Action item –
In the records below, the lines between the one holding "Greetings and welcome" and the one holding "Hello everyone, this", inclusive, are to be transcribed exactly; no pictures are to be included.

Stored items from a collection –
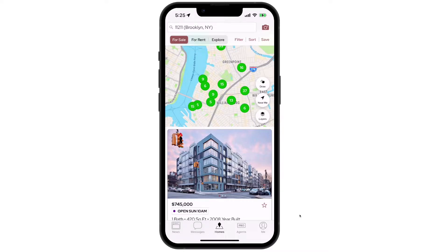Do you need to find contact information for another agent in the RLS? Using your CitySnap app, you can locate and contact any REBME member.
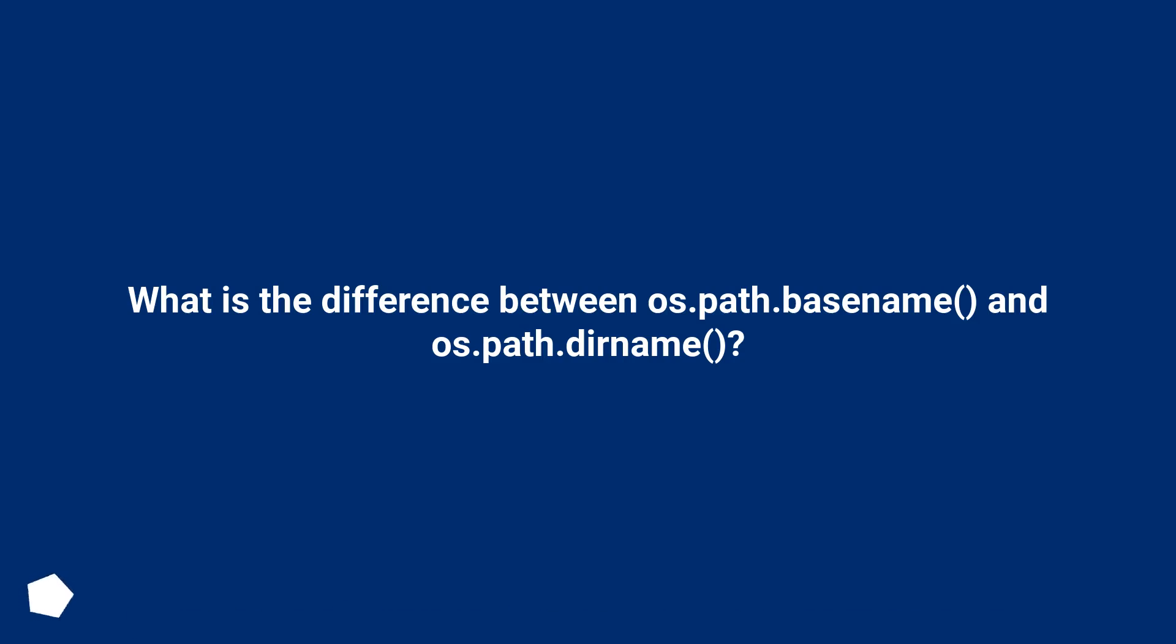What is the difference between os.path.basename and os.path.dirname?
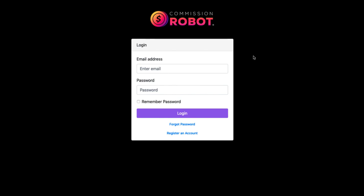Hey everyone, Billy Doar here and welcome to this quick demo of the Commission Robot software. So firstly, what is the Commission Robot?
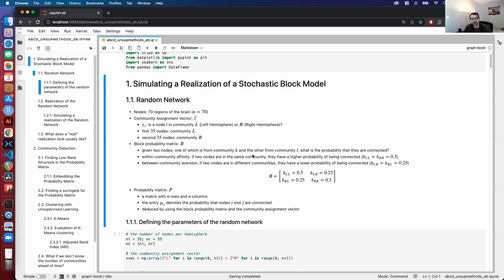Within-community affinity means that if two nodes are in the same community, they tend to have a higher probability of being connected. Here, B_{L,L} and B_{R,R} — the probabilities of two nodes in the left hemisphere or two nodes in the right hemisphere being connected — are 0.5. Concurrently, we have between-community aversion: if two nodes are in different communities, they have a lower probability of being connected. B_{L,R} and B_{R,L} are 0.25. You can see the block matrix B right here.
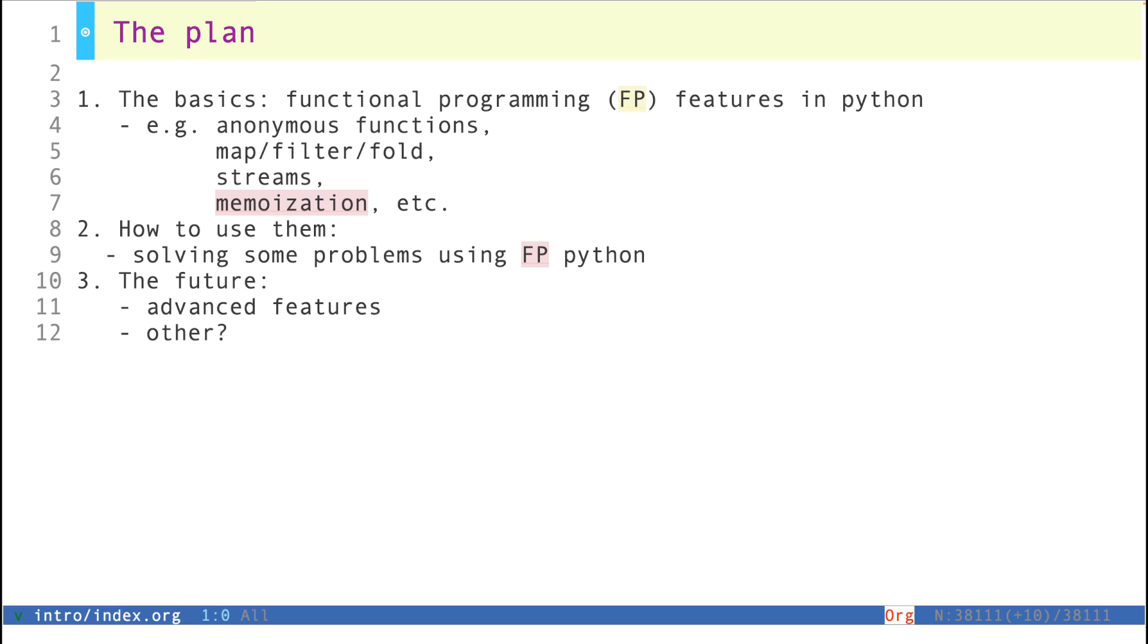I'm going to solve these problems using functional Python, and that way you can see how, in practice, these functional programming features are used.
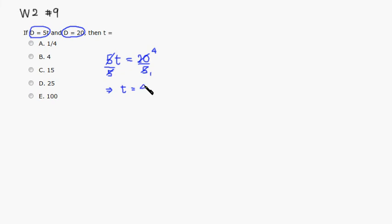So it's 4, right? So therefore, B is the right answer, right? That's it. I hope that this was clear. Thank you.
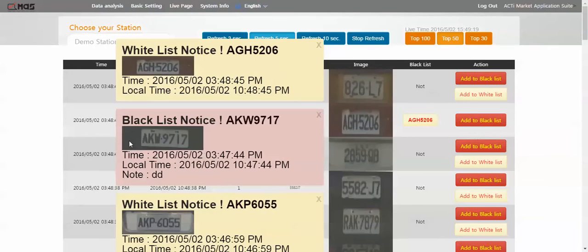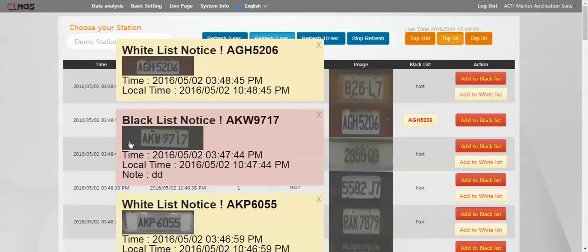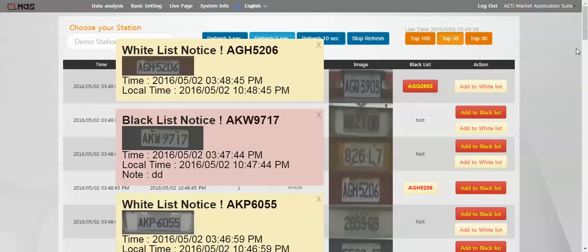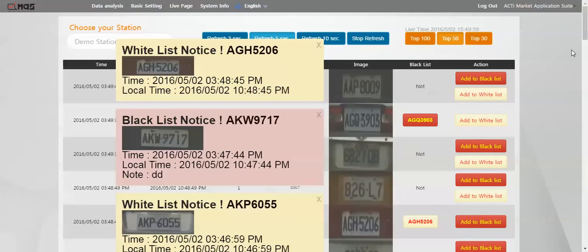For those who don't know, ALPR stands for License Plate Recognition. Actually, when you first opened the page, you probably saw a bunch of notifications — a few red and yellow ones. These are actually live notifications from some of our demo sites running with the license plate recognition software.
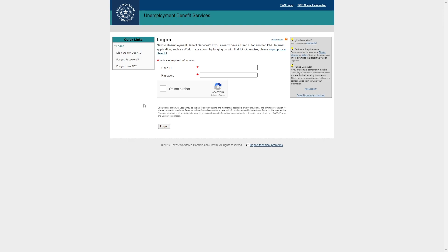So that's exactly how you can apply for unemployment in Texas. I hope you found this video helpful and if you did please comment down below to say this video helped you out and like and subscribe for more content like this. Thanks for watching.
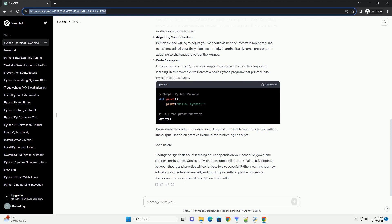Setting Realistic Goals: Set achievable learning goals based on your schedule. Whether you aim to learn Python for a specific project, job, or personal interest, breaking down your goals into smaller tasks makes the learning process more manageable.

...

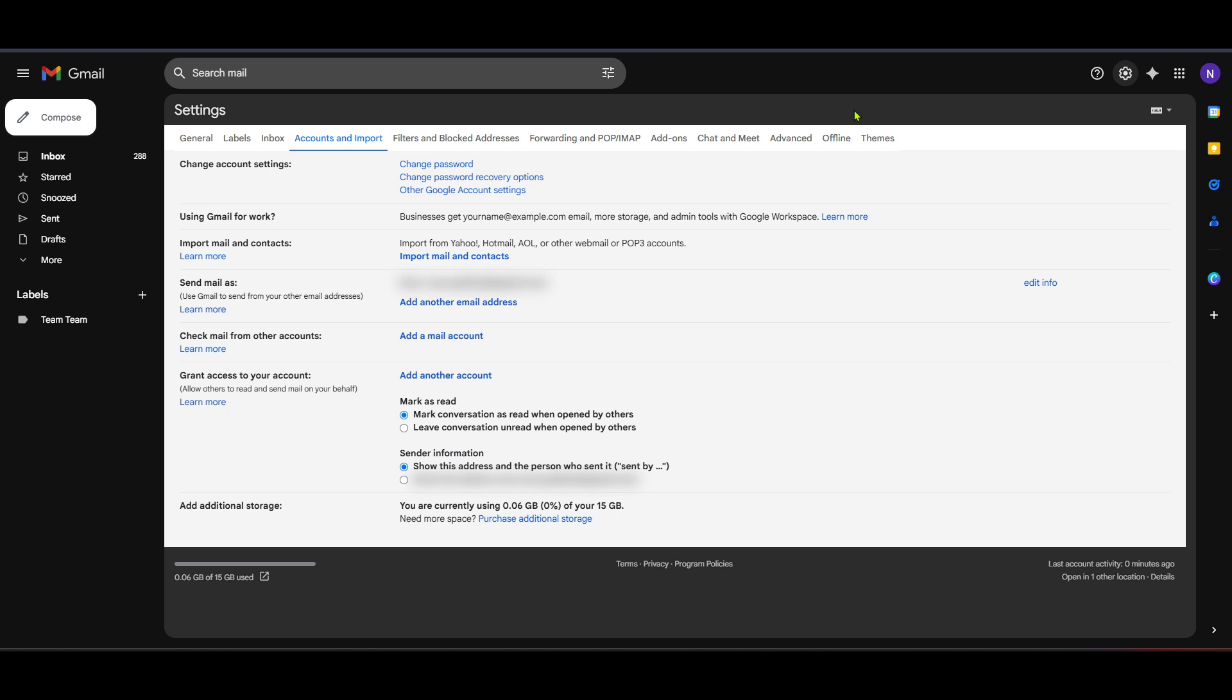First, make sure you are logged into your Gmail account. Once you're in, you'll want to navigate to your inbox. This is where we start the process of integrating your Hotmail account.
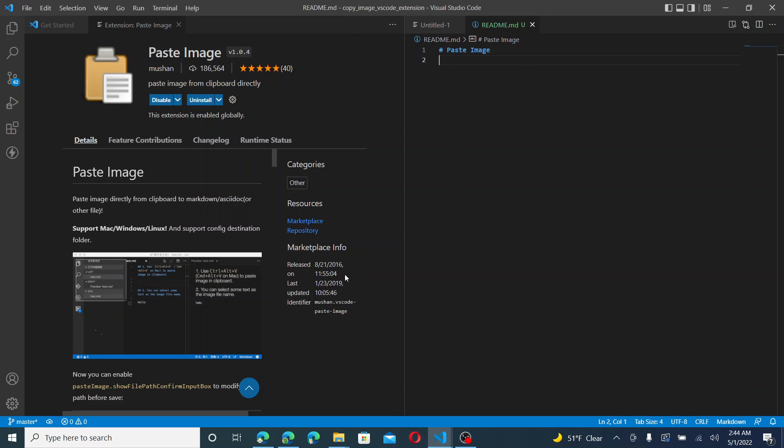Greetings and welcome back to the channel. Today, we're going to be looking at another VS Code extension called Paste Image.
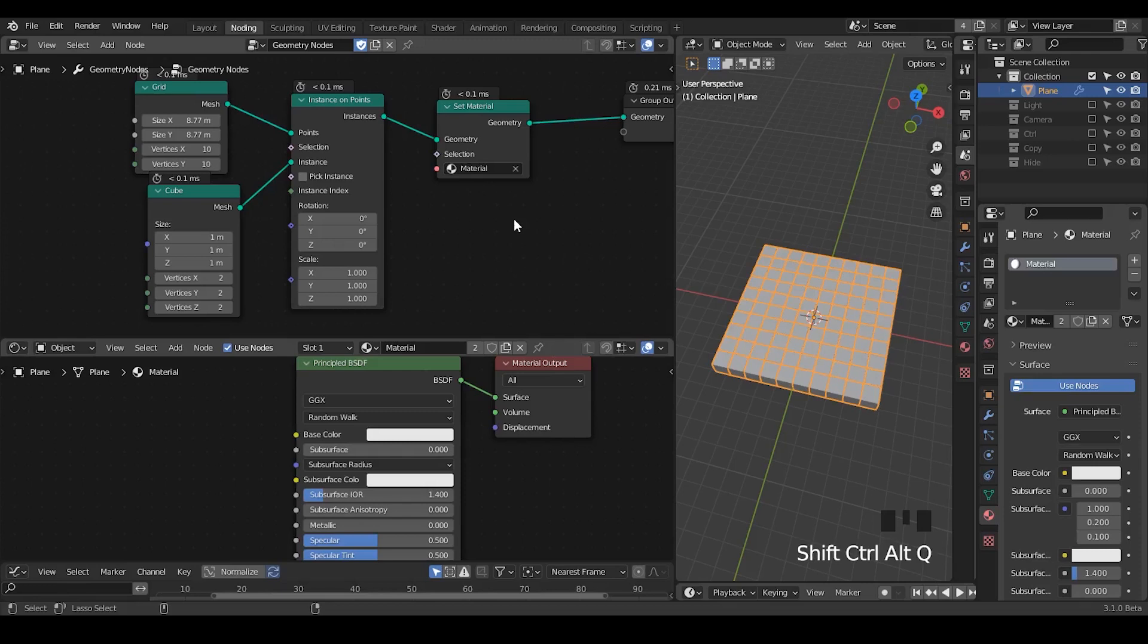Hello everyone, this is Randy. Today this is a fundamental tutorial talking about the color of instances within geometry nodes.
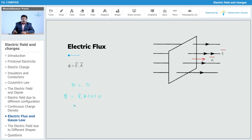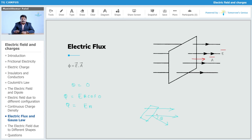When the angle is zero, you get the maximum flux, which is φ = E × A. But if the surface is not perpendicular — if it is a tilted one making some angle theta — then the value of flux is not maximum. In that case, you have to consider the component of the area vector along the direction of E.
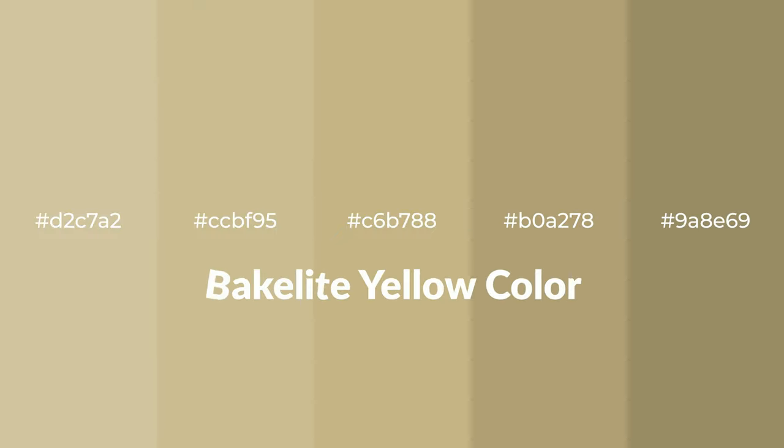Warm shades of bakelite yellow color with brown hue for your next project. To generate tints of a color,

Response to the task –
Greetings and welcome back to the channel. Today, we're going to be looking at another VS Code extension called Paste Image.
Hello everyone, this is Randy. Today this is a fundamental tutorial talking about the color of instances within geometry nodes.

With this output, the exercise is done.